Task to carry out>
Each record below needs to be retyped exactly.

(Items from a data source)
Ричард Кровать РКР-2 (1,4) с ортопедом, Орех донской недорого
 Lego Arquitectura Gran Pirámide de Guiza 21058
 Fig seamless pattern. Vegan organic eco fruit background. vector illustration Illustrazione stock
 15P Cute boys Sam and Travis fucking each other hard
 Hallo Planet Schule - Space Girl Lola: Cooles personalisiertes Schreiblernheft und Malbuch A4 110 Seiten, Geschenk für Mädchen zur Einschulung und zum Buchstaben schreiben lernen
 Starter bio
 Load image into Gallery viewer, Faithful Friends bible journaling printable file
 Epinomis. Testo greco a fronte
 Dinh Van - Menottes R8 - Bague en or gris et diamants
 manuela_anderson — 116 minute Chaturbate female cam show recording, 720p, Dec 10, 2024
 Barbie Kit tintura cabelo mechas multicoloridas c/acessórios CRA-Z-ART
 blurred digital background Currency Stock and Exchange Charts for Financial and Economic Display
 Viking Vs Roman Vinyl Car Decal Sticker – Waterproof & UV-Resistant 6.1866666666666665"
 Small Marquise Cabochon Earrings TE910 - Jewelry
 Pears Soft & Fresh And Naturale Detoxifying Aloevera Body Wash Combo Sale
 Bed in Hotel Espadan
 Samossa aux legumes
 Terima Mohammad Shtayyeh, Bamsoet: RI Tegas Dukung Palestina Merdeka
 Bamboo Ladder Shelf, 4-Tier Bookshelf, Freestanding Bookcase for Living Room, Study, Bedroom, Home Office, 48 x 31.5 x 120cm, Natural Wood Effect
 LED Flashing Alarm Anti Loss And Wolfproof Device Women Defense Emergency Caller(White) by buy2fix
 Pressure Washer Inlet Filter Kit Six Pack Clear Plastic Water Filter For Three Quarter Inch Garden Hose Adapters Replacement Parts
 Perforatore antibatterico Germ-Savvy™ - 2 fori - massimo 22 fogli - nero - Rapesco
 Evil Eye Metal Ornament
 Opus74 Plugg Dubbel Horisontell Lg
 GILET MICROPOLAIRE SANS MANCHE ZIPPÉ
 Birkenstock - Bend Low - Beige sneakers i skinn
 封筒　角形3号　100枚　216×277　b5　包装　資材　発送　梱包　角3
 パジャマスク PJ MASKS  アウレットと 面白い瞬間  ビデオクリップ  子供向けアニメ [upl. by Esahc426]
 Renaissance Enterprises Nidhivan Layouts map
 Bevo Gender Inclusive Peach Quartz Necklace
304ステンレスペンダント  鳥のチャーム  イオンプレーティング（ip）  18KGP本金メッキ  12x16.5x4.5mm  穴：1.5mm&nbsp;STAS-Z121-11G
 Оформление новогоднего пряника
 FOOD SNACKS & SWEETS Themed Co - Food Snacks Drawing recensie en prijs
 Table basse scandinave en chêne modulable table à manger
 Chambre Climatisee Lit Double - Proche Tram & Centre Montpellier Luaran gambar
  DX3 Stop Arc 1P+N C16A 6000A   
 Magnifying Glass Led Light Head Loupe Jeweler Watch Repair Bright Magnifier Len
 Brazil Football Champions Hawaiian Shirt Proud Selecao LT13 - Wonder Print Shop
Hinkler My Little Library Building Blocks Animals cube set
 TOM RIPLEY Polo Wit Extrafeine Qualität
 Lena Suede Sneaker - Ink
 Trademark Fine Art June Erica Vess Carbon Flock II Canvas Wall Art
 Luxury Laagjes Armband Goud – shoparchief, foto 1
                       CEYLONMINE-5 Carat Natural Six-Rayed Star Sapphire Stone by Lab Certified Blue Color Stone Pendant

Reply to the exercise>
Ричард Кровать РКР-2 (1,4) с ортопедом, Орех донской недорого
 Lego Arquitectura Gran Pirámide de Guiza 21058
 Fig seamless pattern. Vegan organic eco fruit background. vector illustration Illustrazione stock
 15P Cute boys Sam and Travis fucking each other hard
 Hallo Planet Schule - Space Girl Lola: Cooles personalisiertes Schreiblernheft und Malbuch A4 110 Seiten, Geschenk für Mädchen zur Einschulung und zum Buchstaben schreiben lernen
 Starter bio
 Load image into Gallery viewer, Faithful Friends bible journaling printable file
 Epinomis. Testo greco a fronte
 Dinh Van - Menottes R8 - Bague en or gris et diamants
 manuela_anderson — 116 minute Chaturbate female cam show recording, 720p, Dec 10, 2024
 Barbie Kit tintura cabelo mechas multicoloridas c/acessórios CRA-Z-ART
 blurred digital background Currency Stock and Exchange Charts for Financial and Economic Display
 Viking Vs Roman Vinyl Car Decal Sticker – Waterproof & UV-Resistant 6.1866666666666665"
 Small Marquise Cabochon Earrings TE910 - Jewelry
 Pears Soft & Fresh And Naturale Detoxifying Aloevera Body Wash Combo Sale
 Bed in Hotel Espadan
 Samossa aux legumes
 Terima Mohammad Shtayyeh, Bamsoet: RI Tegas Dukung Palestina Merdeka
 Bamboo Ladder Shelf, 4-Tier Bookshelf, Freestanding Bookcase for Living Room, Study, Bedroom, Home Office, 48 x 31.5 x 120cm, Natural Wood Effect
 LED Flashing Alarm Anti Loss And Wolfproof Device Women Defense Emergency Caller(White) by buy2fix
 Pressure Washer Inlet Filter Kit Six Pack Clear Plastic Water Filter For Three Quarter Inch Garden Hose Adapters Replacement Parts
 Perforatore antibatterico Germ-Savvy™ - 2 fori - massimo 22 fogli - nero - Rapesco
 Evil Eye Metal Ornament
 Opus74 Plugg Dubbel Horisontell Lg
 GILET MICROPOLAIRE SANS MANCHE ZIPPÉ
 Birkenstock - Bend Low - Beige sneakers i skinn
 封筒　角形3号　100枚　216×277　b5　包装　資材　発送　梱包　角3
 パジャマスク PJ MASKS  アウレットと 面白い瞬間  ビデオクリップ  子供向けアニメ [upl. by Esahc426]
 Renaissance Enterprises Nidhivan Layouts map
 Bevo Gender Inclusive Peach Quartz Necklace
304ステンレスペンダント  鳥のチャーム  イオンプレーティング（ip）  18KGP本金メッキ  12x16.5x4.5mm  穴：1.5mm&nbsp;STAS-Z121-11G
 Оформление новогоднего пряника
 FOOD SNACKS & SWEETS Themed Co - Food Snacks Drawing recensie en prijs
 Table basse scandinave en chêne modulable table à manger
 Chambre Climatisee Lit Double - Proche Tram & Centre Montpellier Luaran gambar
  DX3 Stop Arc 1P+N C16A 6000A   
 Magnifying Glass Led Light Head Loupe Jeweler Watch Repair Bright Magnifier Len
 Brazil Football Champions Hawaiian Shirt Proud Selecao LT13 - Wonder Print Shop
Hinkler My Little Library Building Blocks Animals cube set
 TOM RIPLEY Polo Wit Extrafeine Qualität
 Lena Suede Sneaker - Ink
 Trademark Fine Art June Erica Vess Carbon Flock II Canvas Wall Art
 Luxury Laagjes Armband Goud – shoparchief, foto 1
                       CEYLONMINE-5 Carat Natural Six-Rayed Star Sapphire Stone by Lab Certified Blue Color Stone Pendant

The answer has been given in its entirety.